=== Exercise prompt ===
Nothing but the lines from the one containing "Corona Classic - Eric Jorgensen" through the end of the data below may appear in the response, each one exact.

(Short descriptive text snippets)
-.-.-
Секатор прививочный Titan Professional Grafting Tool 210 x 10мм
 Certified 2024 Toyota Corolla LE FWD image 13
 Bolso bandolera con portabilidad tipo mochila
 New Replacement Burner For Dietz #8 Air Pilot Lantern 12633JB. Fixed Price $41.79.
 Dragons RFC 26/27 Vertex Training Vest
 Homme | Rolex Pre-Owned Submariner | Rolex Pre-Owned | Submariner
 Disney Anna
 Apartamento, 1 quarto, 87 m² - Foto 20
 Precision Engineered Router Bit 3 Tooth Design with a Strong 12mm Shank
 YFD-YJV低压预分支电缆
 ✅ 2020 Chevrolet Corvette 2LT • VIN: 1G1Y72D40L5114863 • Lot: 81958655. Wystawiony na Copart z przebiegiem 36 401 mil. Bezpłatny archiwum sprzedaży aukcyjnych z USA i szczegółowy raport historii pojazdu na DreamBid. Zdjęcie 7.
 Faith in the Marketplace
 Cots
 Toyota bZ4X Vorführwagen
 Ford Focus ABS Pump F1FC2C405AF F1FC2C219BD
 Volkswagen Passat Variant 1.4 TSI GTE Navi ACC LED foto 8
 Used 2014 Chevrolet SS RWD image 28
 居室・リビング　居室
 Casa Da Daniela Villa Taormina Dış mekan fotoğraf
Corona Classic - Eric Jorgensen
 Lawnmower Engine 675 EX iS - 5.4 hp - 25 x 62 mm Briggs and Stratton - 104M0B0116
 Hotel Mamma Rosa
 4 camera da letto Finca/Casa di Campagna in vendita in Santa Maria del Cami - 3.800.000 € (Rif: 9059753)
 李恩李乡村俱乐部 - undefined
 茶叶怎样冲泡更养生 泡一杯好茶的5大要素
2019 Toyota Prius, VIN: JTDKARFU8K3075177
-.-.-
=== Your solution ===
Corona Classic - Eric Jorgensen
 Lawnmower Engine 675 EX iS - 5.4 hp - 25 x 62 mm Briggs and Stratton - 104M0B0116
 Hotel Mamma Rosa
 4 camera da letto Finca/Casa di Campagna in vendita in Santa Maria del Cami - 3.800.000 € (Rif: 9059753)
 李恩李乡村俱乐部 - undefined
 茶叶怎样冲泡更养生 泡一杯好茶的5大要素
2019 Toyota Prius, VIN: JTDKARFU8K3075177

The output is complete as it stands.